A dialect, first and foremost, serves as an important form of preserving the cultural identity of the particular region within which it was born. Hokkien, peculiar to the state of Penang, is a southern Min Chinese-based creole amalgamated with elements of Malay and English. Words such as “please” (tolong), “but” (tapi) and “like” (suka) have been borrowed from the
former, while others – such as “try” and “darling” – are terms that have been carried over from the latter. The resultant dialect serves as a linguistic photograph of the state’s idiosyncratic cultural makeup and provides speakers with the ability to perceive and experience Penang’s local culture in a natural and immersive manner.
Yet, the state finds its youths replacing this antiquated dialect with the aforementioned lingua francas. This is a result of institutional and societal pressures, where elementary public schools strongly discourage the use of Hokkien in classrooms by form of punishment and discrimination.
Likewise, within social spheres, children are pressured to refrain from speaking Hokkien since its linguistically heterogeneous nature is often associated with an “unculturedness” that defines their typical uneducated elderly.
The death of Hokkien that I have personally witnessed growing up in my own home hasn’t been a subtle one.
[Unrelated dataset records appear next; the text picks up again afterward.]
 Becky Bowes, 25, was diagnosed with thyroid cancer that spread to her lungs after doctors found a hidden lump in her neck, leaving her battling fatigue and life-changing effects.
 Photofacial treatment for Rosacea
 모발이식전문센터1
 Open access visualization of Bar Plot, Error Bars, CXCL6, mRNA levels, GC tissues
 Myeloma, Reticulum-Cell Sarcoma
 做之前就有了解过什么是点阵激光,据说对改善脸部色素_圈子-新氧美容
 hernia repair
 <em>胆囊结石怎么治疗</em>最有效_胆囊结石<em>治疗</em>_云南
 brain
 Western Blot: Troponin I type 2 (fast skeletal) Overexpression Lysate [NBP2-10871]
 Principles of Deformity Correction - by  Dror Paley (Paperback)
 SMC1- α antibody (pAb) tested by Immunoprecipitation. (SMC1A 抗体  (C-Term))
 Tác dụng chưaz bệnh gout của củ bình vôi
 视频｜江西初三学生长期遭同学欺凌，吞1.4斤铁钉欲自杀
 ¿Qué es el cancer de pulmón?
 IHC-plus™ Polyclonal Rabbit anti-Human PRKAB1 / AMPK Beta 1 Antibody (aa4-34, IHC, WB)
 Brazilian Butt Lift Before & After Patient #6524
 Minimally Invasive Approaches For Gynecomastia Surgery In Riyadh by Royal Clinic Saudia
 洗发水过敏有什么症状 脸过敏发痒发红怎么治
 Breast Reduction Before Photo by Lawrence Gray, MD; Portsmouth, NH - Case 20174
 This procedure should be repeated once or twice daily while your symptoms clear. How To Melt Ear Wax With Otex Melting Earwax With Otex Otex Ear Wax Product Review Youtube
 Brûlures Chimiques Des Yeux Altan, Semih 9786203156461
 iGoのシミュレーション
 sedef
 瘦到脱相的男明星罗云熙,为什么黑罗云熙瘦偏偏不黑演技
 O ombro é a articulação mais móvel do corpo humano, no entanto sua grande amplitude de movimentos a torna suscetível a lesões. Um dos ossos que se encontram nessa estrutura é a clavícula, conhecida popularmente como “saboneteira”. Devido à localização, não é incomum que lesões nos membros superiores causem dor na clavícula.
Born and raised in Penang, my intermediate competence has only been succeeded by a progressive degradation of fluency in my two younger siblings; the first of whom can understand but can’t speak it, and the youngest rendered completely unable to comprehend the dialect altogether.
Faced with a diminishing population of speakers, the state finds itself losing not only its cultural identity but also a knowledge base intrinsically embedded in the dialect itself. This is elucidated by the following example: the wild ginger flower doesn’t have an official name in Hokkien but is commonly referred to in the dialect as “laksa hua” (laksa flower), a key ingredient in Penang’s laksa noodles.
The extinction of Hokkien would, in effect, sever the connection between this local delicacy and its ingredient. Similarly, “pak jit sao” – whooping cough – directly translates into “sun-induced cough”. Although no scientific link between exposure to the sun and whooping cough has been made thus far in the Western world, an investigation into the origins of such a seemingly arbitrary linguistic connection could potentially yield interesting findings.
The decay of Hokkien’s knowledge base is echoed by that of many other Malaysian dialects facing the same threat of linguistic homogenisation. The extinction of dialects means not only the erosion of such valuable knowledge connections but also the loss of linguistic lenses through which we are able to perceive and understand a local region’s cultural flavours.
I strongly urge those of you who retain a sense of your dialect to speak it with friends and families; to use it with pride and efface its “socially subordinate” status; and, ultimately, to impart it to future generations so that they are able to hold on to their cultural roots by means of language.